The excitement of the event was dampened by Marvel Comics' timing, as most of the series involved had launched with the new creative teams a month before the real event—even though the "Revolution" logo was still printed on the May issues. Uncanny X-Men did not join the "Revolution" event until its June 2000 issue. Furthermore, Claremont stated in later interviews that he had ghostwritten several issues of various X-Men titles before the event.

===Counter-X===
As part of the Revolution event three X-titles, X-Man, X-Force, and Generation X were to be show-run by a longstanding creator working with new writers and artists. Rob Liefeld was originally approached to take over the titles, but he turned down the offer when he found out he would be unable to hire his own colorists. Warren Ellis was then approached, and the Counter-X line was born. Ellis plotted the general direction for each of the Counter-X books, and initially co-wrote each title with Steven Grant on X-Man, Ian Edginton on X-Force, and Brian Wood on Generation X.

===Aftermath===
The "Revolution" event was poorly received by fans and critics, leading to Claremont leaving X-Men and Uncanny X-Men after nine months. The X-Men line of books were revamped again in July 2001 with Grant Morrison writing New X-Men, Joe Casey writing Uncanny X-Men, and Claremont writing the new title X-Treme X-Men.

==Bibliography==
The included issues, in order of publication, were:
- Cable #79, with new writer Robert Weinberg and recently arrived penciller Michael Ryan and inker Andrew Pepoy.
- Gambit #16, with recently arrived penciller Yanick Paquette and inker Sean Parsons.
- Generation X #63, with new co-writers Warren Ellis and Brian Wood, new penciller Steve Pugh, and new inker Sandu Florea.
- X-Men #100, with returning writer Chris Claremont, new penciller Leinil Francis Yu, and new inker Mark Morales
- Wolverine #150, with new writer/penciller Steve Skroce and new inker Lary Stucker (with "special thanks to" Lana Wachowski, and limited to a four-month story arc).
- X-Force #102, with new co-writers Warren Ellis and Ian Edginton, new penciller Whilce Portacio, and new inker Gerry Alanguilan.
- X-Man #63, with new co-writers Warren Ellis and Steven Grant and new artist Ariel Olivetti.
- Uncanny X-Men #381 (June 2000), with returning writer Chris Claremont, new penciller Adam Kubert, and new inker Tim Townsend.
- Magneto: Dark Seduction #1 (June 2000), the first issue of a mini-series by Fabian Nicieza, Roger Cruz, and Andy Owens.

===Collected editions===
The Revolution stories by Chris Claremont have been collected in a Marvel Omnibus
- X-Men: Revolution by Chris Claremont Omnibus (collects X-Men (1991) #100–109; X-Men Annual 2000; Uncanny X-Men #381–389; X-Men Unlimited (1993) #27–29; X-Men: Black Sun #1–5; Bishop: The Last X-Man #15–16; Cable (1993) #87, 904 pages, August 14, 2018 )

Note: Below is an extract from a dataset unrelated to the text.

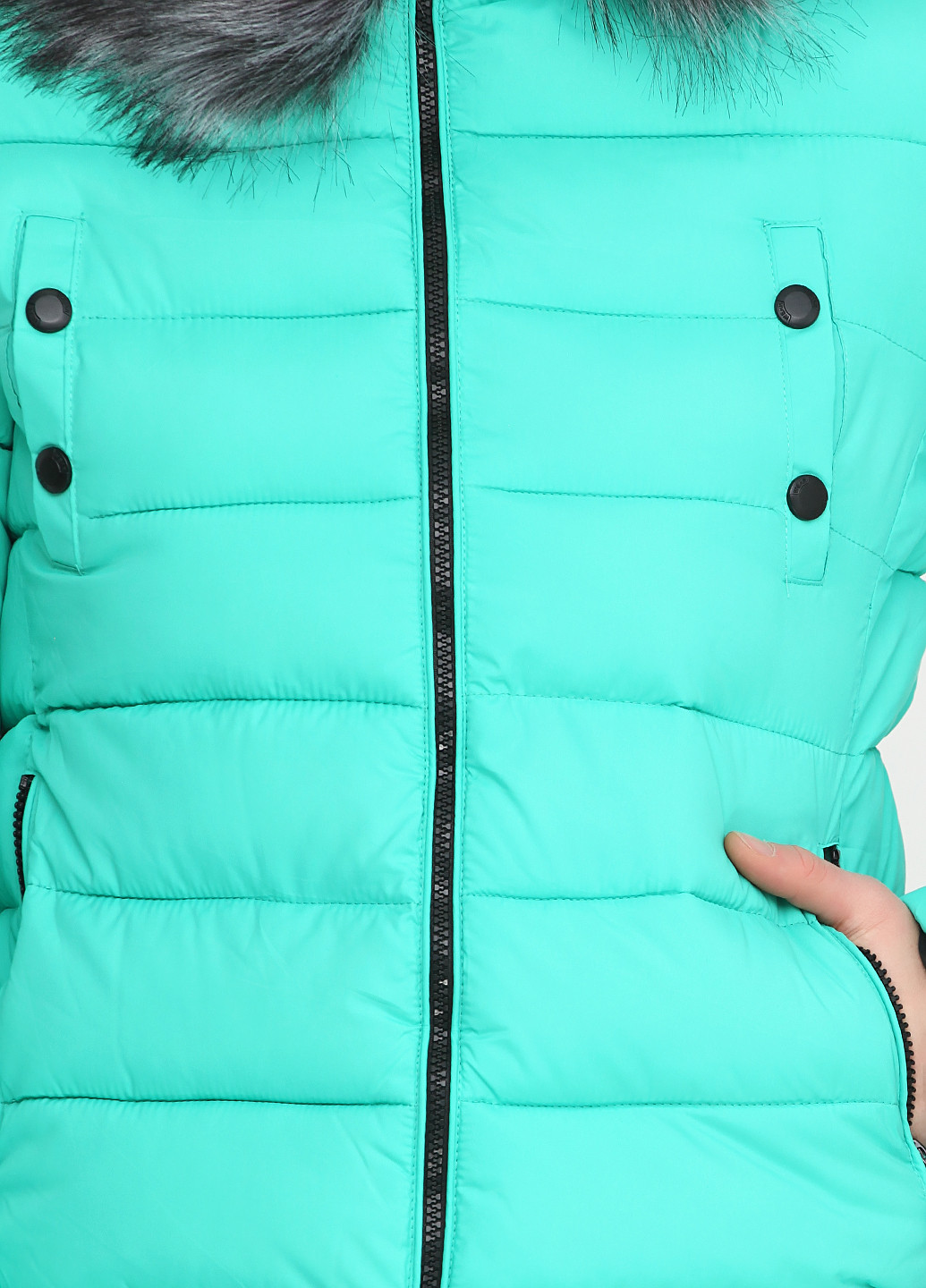 Светло-зеленая зимняя куртка Xueziyu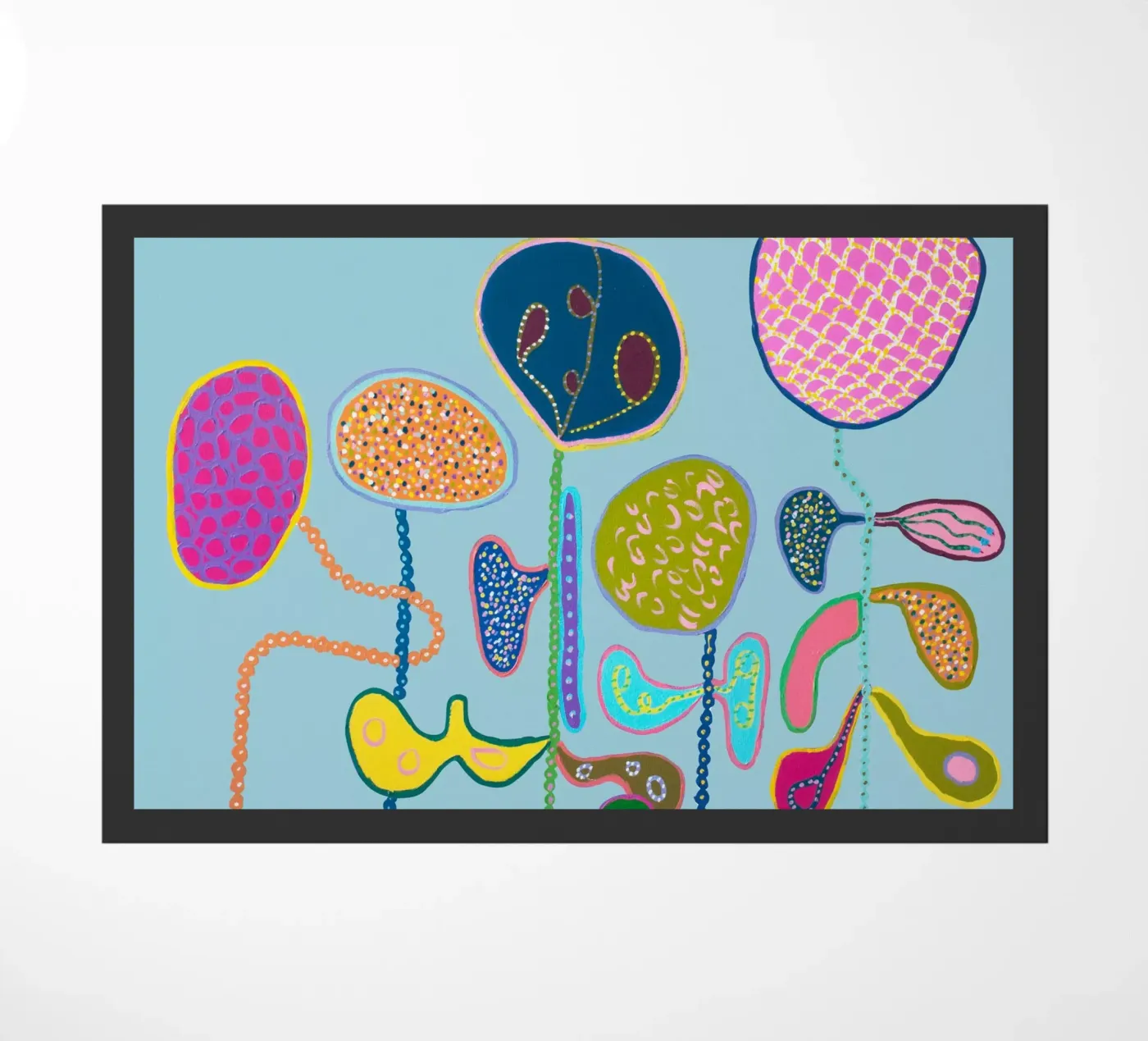 Bliss-Light Blue Fußmatte von Helen Joynson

Other titles were collected as trade paperbacks
- Cable: Revolution (collects Cable #79–96, 440 pages, April 25, 2018, )
- Wolverine: Blood Debt (collects Wolverine #150-153, 112 pages, July 30, 2001, )

The Counter-X run was collected with its own sub-branded trade paperback:
- Volume 1: X-Force (collects X-Force #102-109, 192 pages, July 2008, ISBN 0-7851-3304-6)
- Volume 2: Generation X (collects Generation X #63-70, 192 pages, October 2008, ISBN 0-7851-3305-4)
- Volume 3: X-Man (collects X-Man #63-70, 192 pages, December 2008, ISBN 0-7851-3306-2)
- Volume 4: X-Force (collects X-Force #110-115, 102; Rough Cut, 176 pages, August 2012, ISBN 0-7851-5973-8)
- Volume 5: Generation X - Four Days (collects Generation X #71-74, February 26, 2013, ISBN 0785167307)
- Volume 6: X-Man: Fearful Symmetries (collects X-Man 71-75, material from X-Men Unlimited (1993) 31, 152 pages, April 23, 2013, ISBN 0785167315) * This volume was solicited for release but cancelled in March 2013 before being published.